What impact do you expect AI to have on the way markets function, say, over the next five years?
All right, so you've got the trading firms are all using AI now to try to basically speed up their models to try to do it better.
And they're all using it and they're all using it now and they're speeding up their models and trying to train their models to be faster and faster for their algorithmic and quantitative trading.
So that's happening now. Now, I think what you're going to see is it's going to go all the way through the financial markets,
which will happen is the work that people are doing that is not clever, that is not fundamental,
will be done more and more by machines.
There'll be less outsourcing to India, less outsourcing to offshoring, and more computers doing it.
But what it's going to do is it's going to create more high-paying jobs. So the smart people are going to do better.
Capable people who can help AI do a better job are going to do better.
And the jobs that are just more functionally, you know, dotting I's and crossing T's,
I think those jobs, especially the ones in India and things like that,
they're just going to be reduced, and AI's going to do it better.
So more efficient, better. But like, I think we're going to have more people employed in New York
and in London on high paying jobs, doing a great job because that's what AI needs. It needs smart
people telling it where to go. It's not telling the smart people where to go. People get that
backward. And NVIDIA, I mean, how awesome is that? Three trillion. I love three trillion. It means it means that BGC's got a long way to go.
Well, on that note, we appreciate your insights, Howard. Howard Lutnick,
thanks for joining us on our own Bob Fasani. Thank you.
Time now for a CNBC News Update with Seema Modi. Seema.
Morgan, top House Republicans send criminal referrals to the
Department of Justice today recommending charges be brought against Hunter Biden and James Biden,
President Joe Biden's brother. The letter accuses the president's relatives of lying to Congress in
an effort to hinder the impeachment inquiry into Joe Biden. It comes as Hunter Biden has been
standing trial since Monday on unrelated gun charges in a Delaware federal court. UK Prime Minister Rishi Sunak has put forward JP Morgan
Chase CEO Jamie Dimon and former Google CEO Eric Schmidt for UK honors, that according to the
Financial Times. Now, it's unclear what level of honor the two men could receive, but one of Sunak's ministers telling the FT that Diamond would be, quote, a strong candidate for a knighthood. And India's Prime Minister
Narendra Modi able to secure a coalition and the backing of two parties to lead the country for a
third term. This after his party failed to secure an outright majority in the national election,
guys, for the first time in 10 years. Back to you.
All right, Seema Modi, thank you. Up next, the CEO of Archer Aviation is going to join us,
along with the managing director of United Airline Ventures, as the FAA paves the way
for electric air taxis. And another check here on today's overtime movers. We're going to be right back.
Welcome back to Overtime.
Shares of Archer Aviation getting a pop up 6% today after getting one step closer to launching urban air taxis.

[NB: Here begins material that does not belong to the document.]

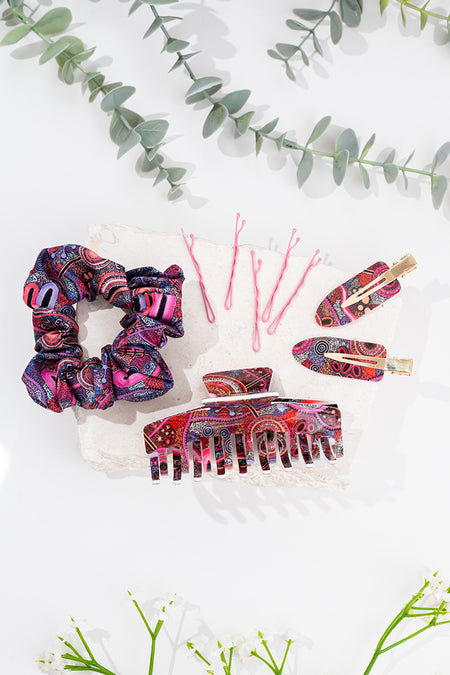 Pink Colours Scrunchie & Hair Accessories Set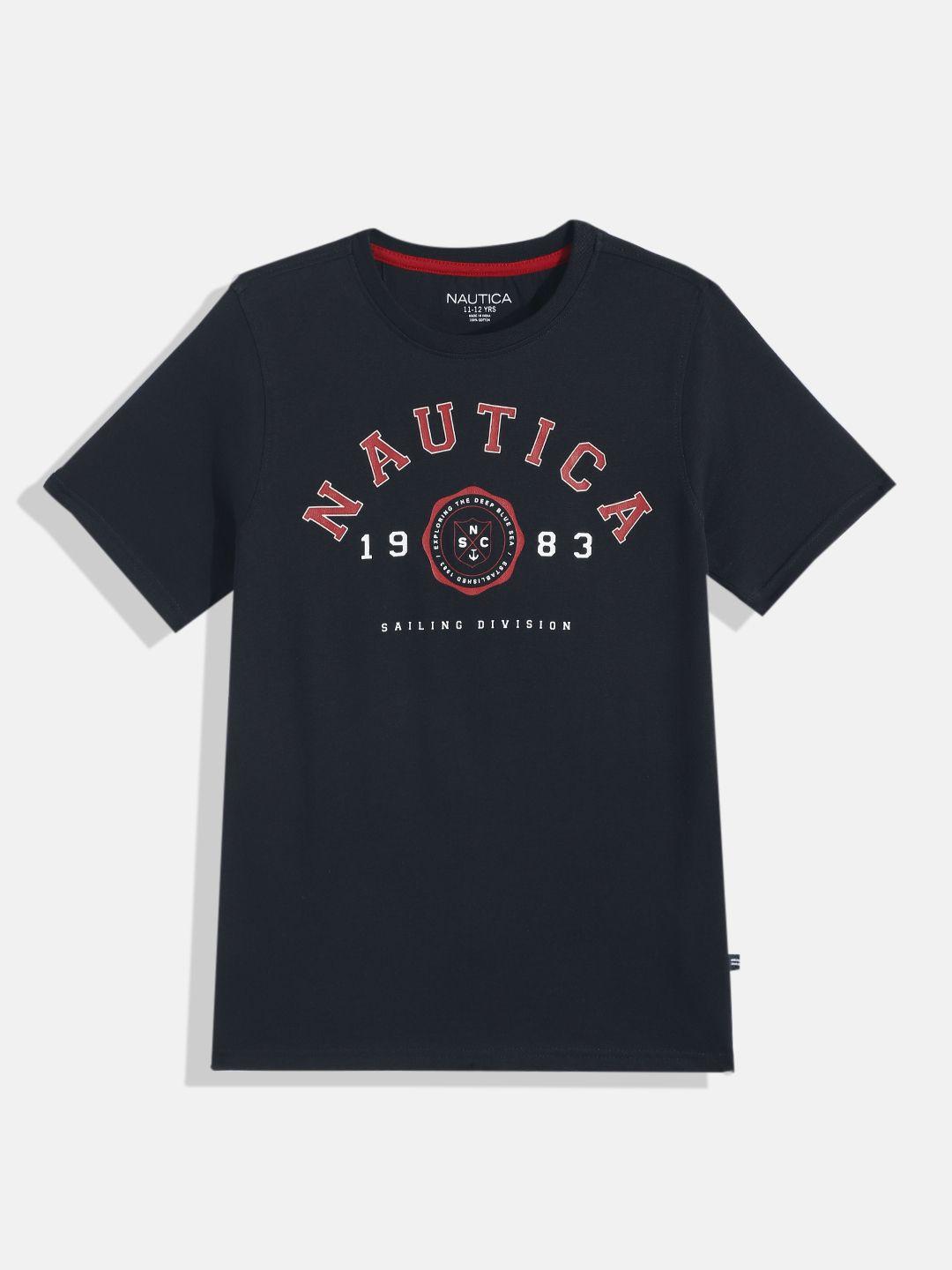 nautica boys brand logo printed pure cotton t-shirt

Archer announcing it received FAA approval to begin operating an airline service for its EV tolls.
Our Phil LeBeau is here with an exclusive interview with Archer CEO Adam Goldstein
and United Airlines Ventures Managing Director Andrew Chang.
United Airlines Ventures is a major backer of Archer. Phil?
Thank you, John. Adam, let's start first
off with you. Part 135 certification is a big deal, and I know you guys have maintained all along
this is a crucial step in getting towards commercial service, perhaps as early as next year.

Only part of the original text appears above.